Embracing a positive company environment requires real resolve.
By Fran Duskiewicz
In crafting this column, I made a list of the things I thought might be interesting and relevant to readers, based on their knowledge of my background within Nice N Easy Grocery Shoppes and my various industry involvements.
I’ve made my way through the list fairly easily, but there is one item that remains and it stares back at me every time I think about how I can approach it: company culture.
I am of many minds when considering this topic. Obviously, a bad company culture is unacceptable and needs to be researched and remedied right away, with root causes identified and eliminated.
CULT OF PERSONALITY
But, I’m also aware that within the word culture is “cult” and I’m uncomfortable with any sort of rabid sentiment that is centered on a single personality or a feeling that ‘we’re great because we are who we are.’ Plug in any company name. I think these types of cultures can turn sour quickly because they’re not necessarily built upon firm foundations.
Better a neutral culture than a cult of personality. How can I say this when I worked for a company known for possessing outstanding personalities and a great company culture?
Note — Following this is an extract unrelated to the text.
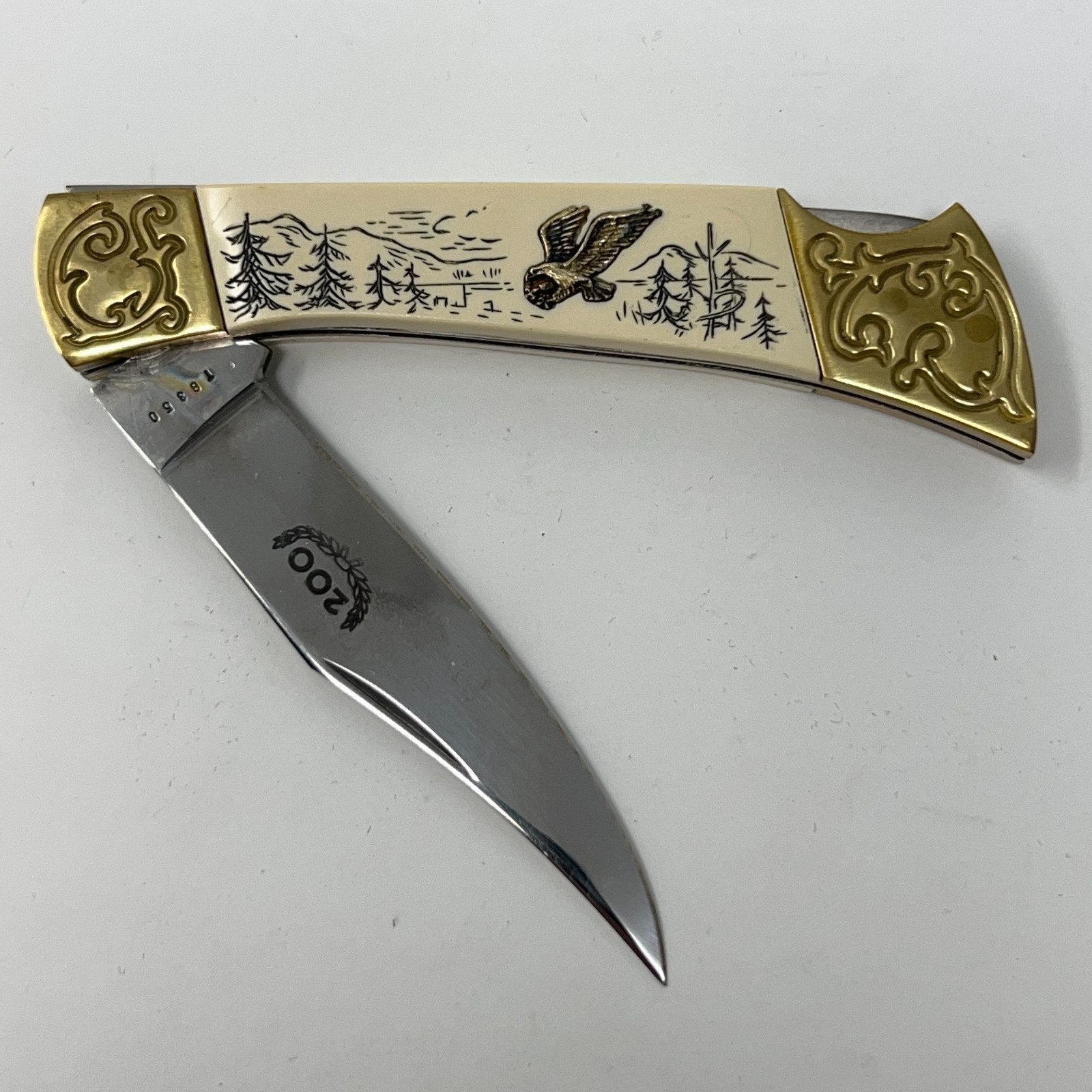 American International Mint pocket knife with a Bald Eagle design, brass handle and stainless steel blade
Nice N Easy’s culture didn’t rely upon us simply being nice and decent people. And we never sat in a meeting room and strategized building a company culture. I’m not sure that’s even possible.
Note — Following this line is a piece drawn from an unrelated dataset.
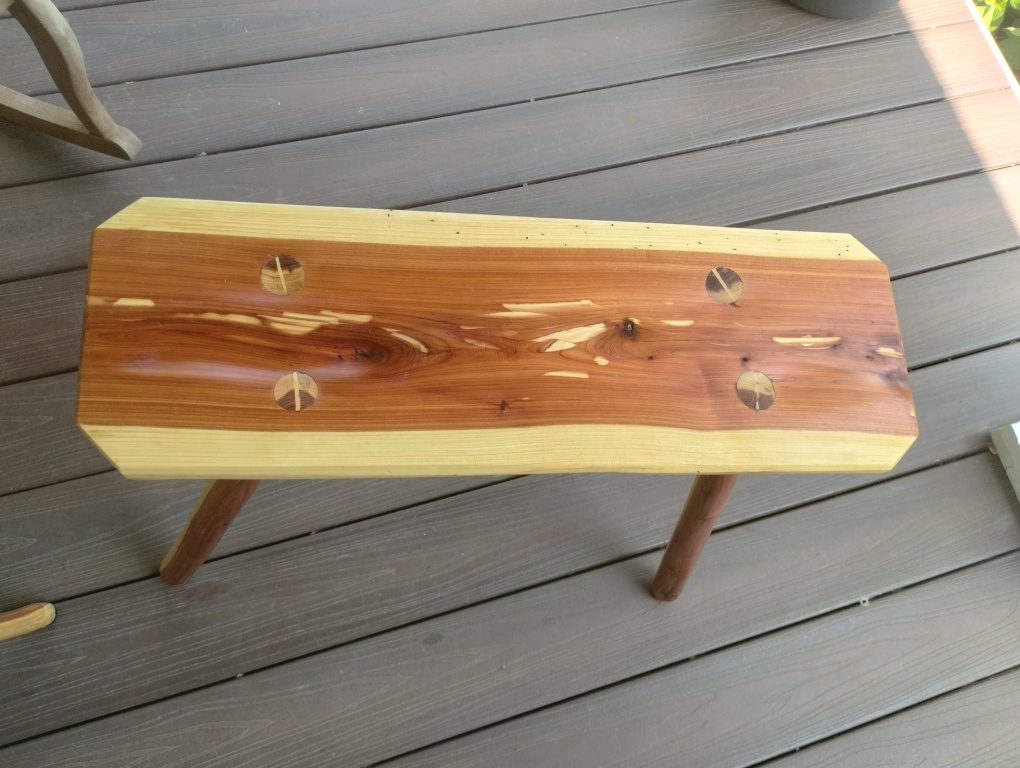 Medieval inspired riven wood benches for stone-walled entryways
If you were to ask 10 different people within our company why they thought the culture was a good one, I believe you’d get 10 different answers, and that is the way I believe it should be if the culture is truly great.
Obviously, people work for paychecks, but they also need personal fulfilment beyond that. There should be something about the job that has meaning to them, which rewards something within them beyond their wallet. Companies with a neutral culture will be fair, will follow the rules and will be clear about job expectations and wages. There may not be anything more to that, and for some people that’s perfectly fine.
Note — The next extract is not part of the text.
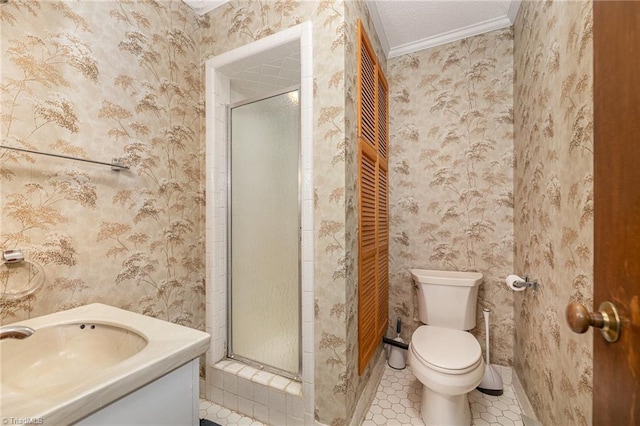 bathroom with toilet, tile patterned flooring, a shower with shower door, and crown molding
A great company culture will come from a carefully constructed executive staff who understands that our industry needs people with varied interests and motivations—people people, number crunchers, merchandisers, chefs, problem solvers, people who fix things, marketers and some who just like to make sure everything is sparkling clean. Recognizing what these variously talented people do to make the company successful and doing it publicly is part of what makes us great.
I remember being at one of our annual meetings and watching a store manager give an award to his overnight person. What did the overnight person do to deserve such recognition? In five years, he never called in or failed to show up on time. If you don’t think that’s important, then you’ve never managed a store and you’re missing my point.
Plenty of store owners and executives believe they have a great culture because they’ve designed some nice programs. That’s not enough. You need to be out there with your people and you need to listen.
GREAT IDEA
We used to keep track of weekly store sales records. Breaking a sales record got your store a dinner out with the company big shots. It was a fun night for the store team and they enjoyed the special recognition, but at the end of the dinner, we received the real payoff for being with them.
Everyone there had to tell us how we could make the store better. We heard things sometimes that made us cringe. We often heard that we were doing stupid things and making the job more difficult. We learned how clever and committed and special these people, whom we might have otherwise never met, really were.
After these dinners the first priority was fixing what needed to be fixed and implementing good ideas we had heard. Imagine having dinner with the company president, telling him how you think the walk-in cooler in your store could be improved, and then seeing your idea become reality. That is the basis of a great company culture because they tell everyone they know.
Our great company culture came from a true understanding of people and what they needed from their jobs beyond a paycheck. The trick is determining what those needs are. There’s only one way to do it—get out of your office, get out among your people and listen to them.